* [DATA EXCERPTS]
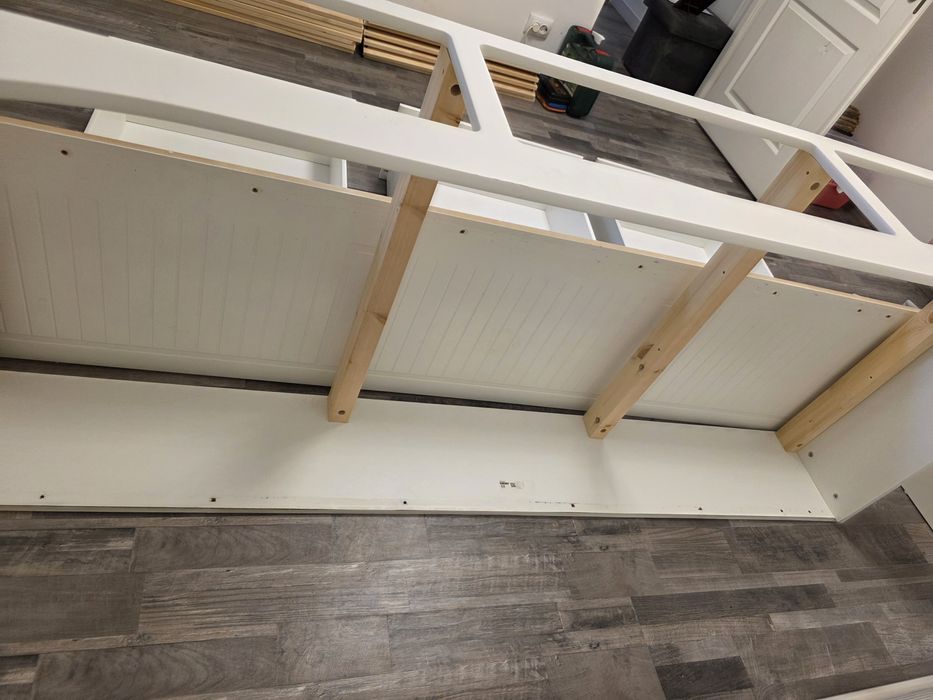 DIVAN Ikea, model HEMNES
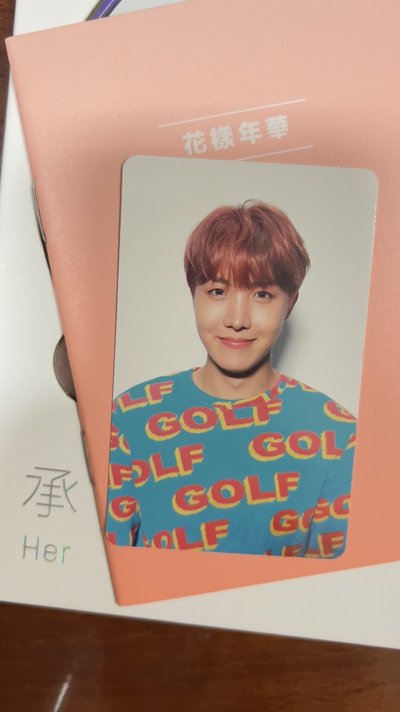 LOVE YOURSELF承-四版專卡（初傷有痕）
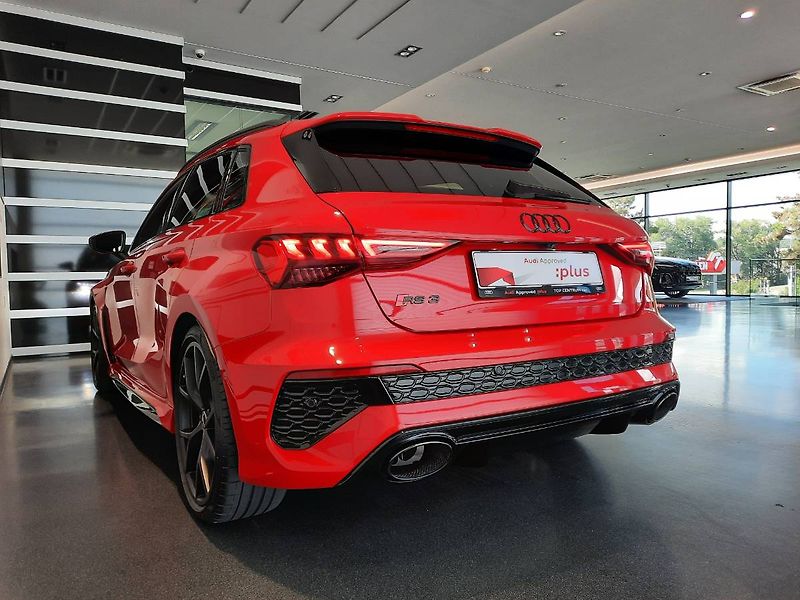 Audi RS 3 (2023) Sportback 2.5 TFSI quattro (29 - fotka 27 z 28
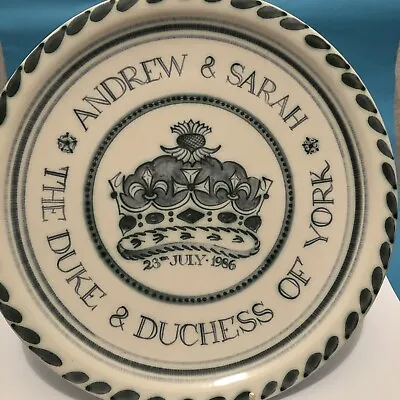 Buy Rye Pottery Charger - Wedding Duke & Duchess Of York • 12£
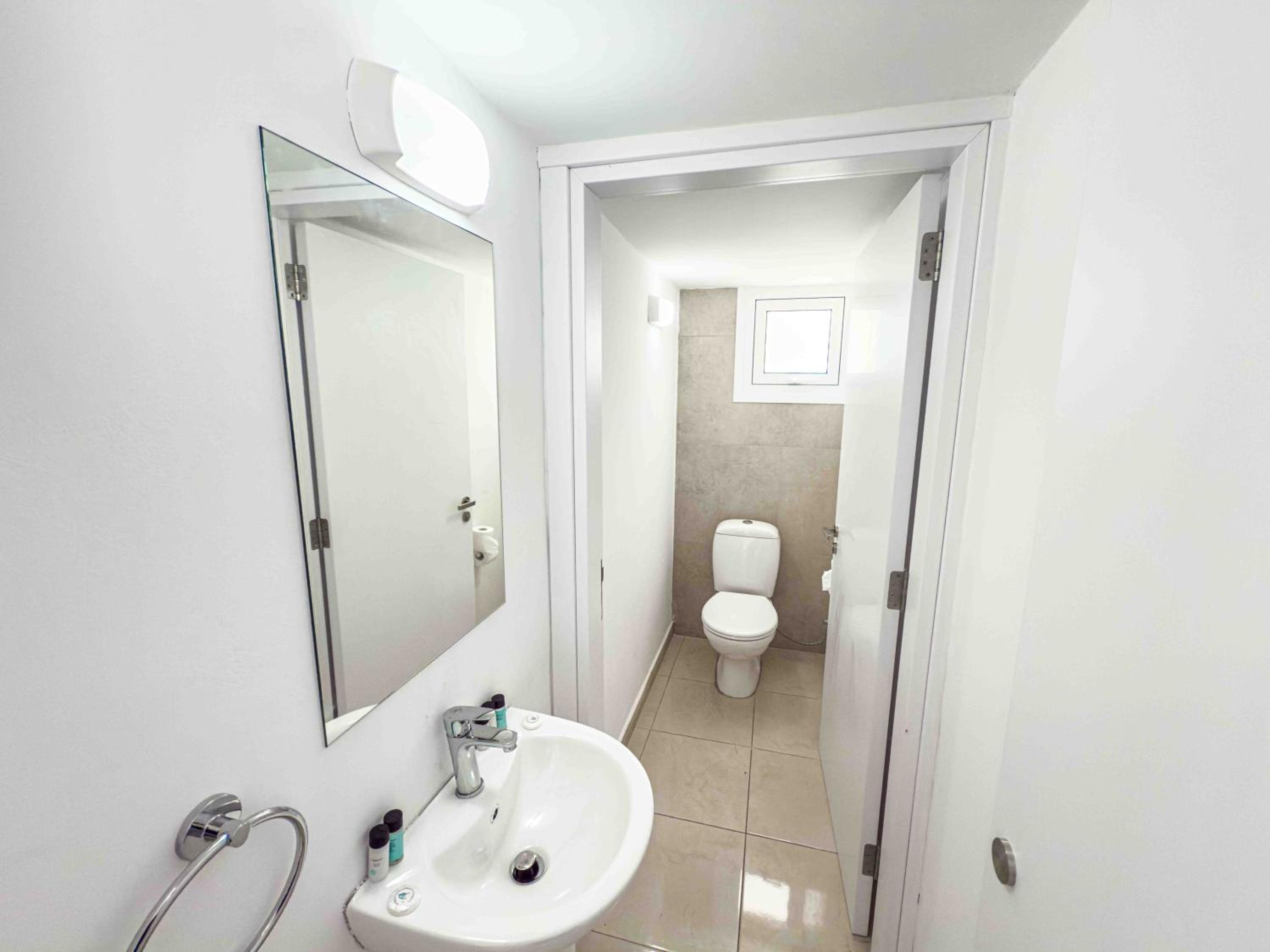 Chris Family Villa - Walk to Fig Tree Bay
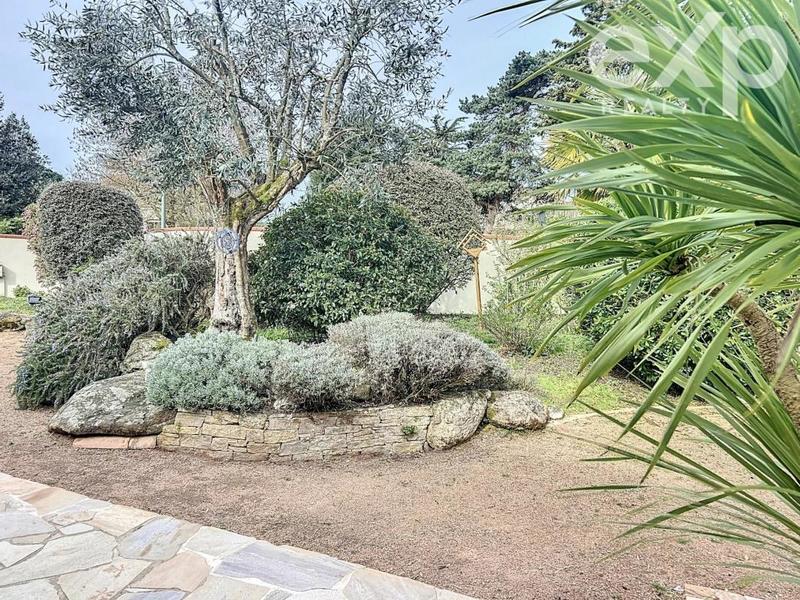 Maison - 177 m² - 6 pièces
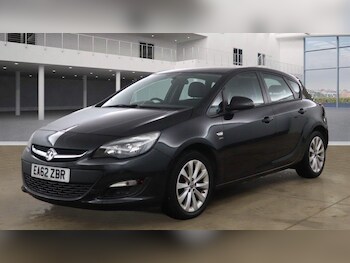 Used Vauxhall Astra 2012 for sale - 76484576: Photo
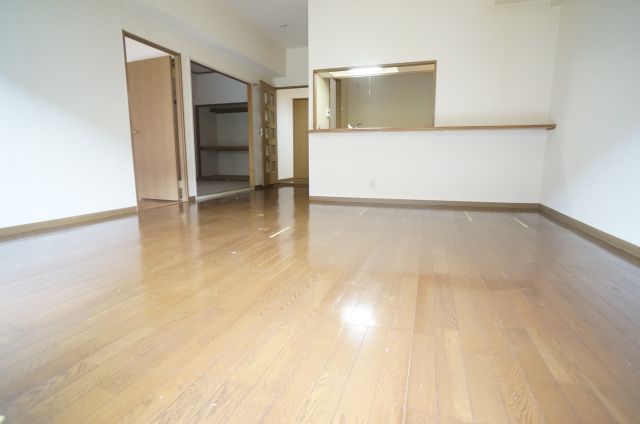 居室・リビング　広さ十分なリビングスペース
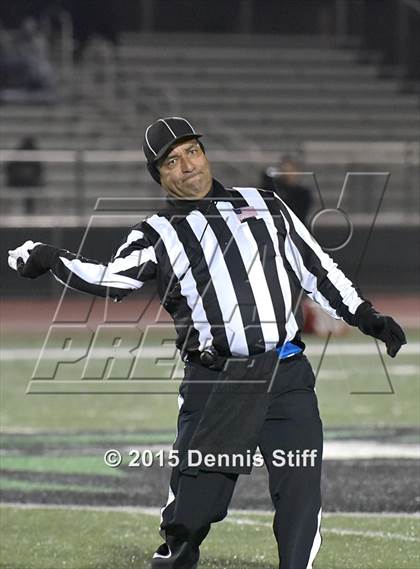 Thumbnail 3 in Sutter vs. Sierra (CIF NorCal Regional 4-A Division Final) photogallery.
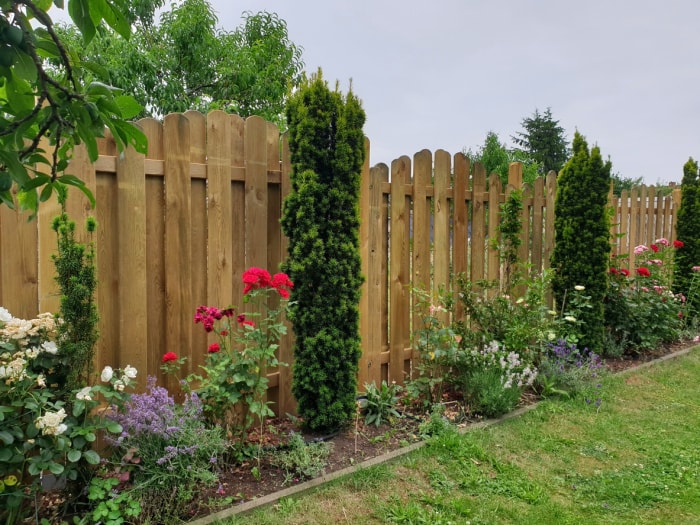 coût de la clôture en mailles de chaîne ou en bois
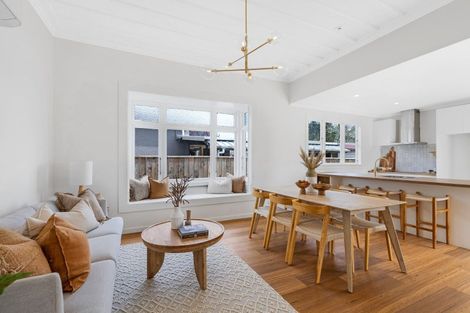 Photo of property in 11 Rosalie Terrace, Kelvin Grove, Palmerston North, 4414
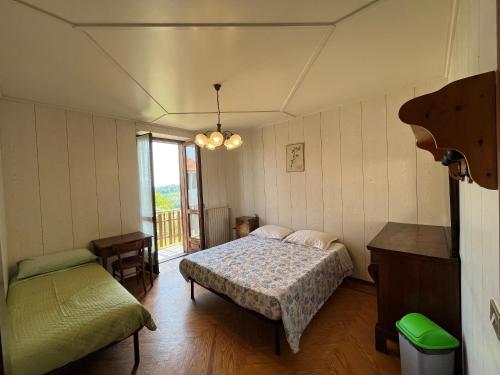 Habitación pequeña con cama y ventana en Appartamento, en Montiglio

* [WHAT THE TASK REQUIRES] Return the opening line of the data above and every line after it up to and including the line that holds "居室・リビング　広さ十分なリビングスペース"; pictures stay out.

* [RESPONSE FOR THIS EXERCISE]
 DIVAN Ikea, model HEMNES
 LOVE YOURSELF承-四版專卡（初傷有痕）
 Audi RS 3 (2023) Sportback 2.5 TFSI quattro (29 - fotka 27 z 28
 Buy Rye Pottery Charger - Wedding Duke & Duchess Of York • 12£
 Chris Family Villa - Walk to Fig Tree Bay
 Maison - 177 m² - 6 pièces
 Used Vauxhall Astra 2012 for sale - 76484576: Photo
 居室・リビング　広さ十分なリビングスペース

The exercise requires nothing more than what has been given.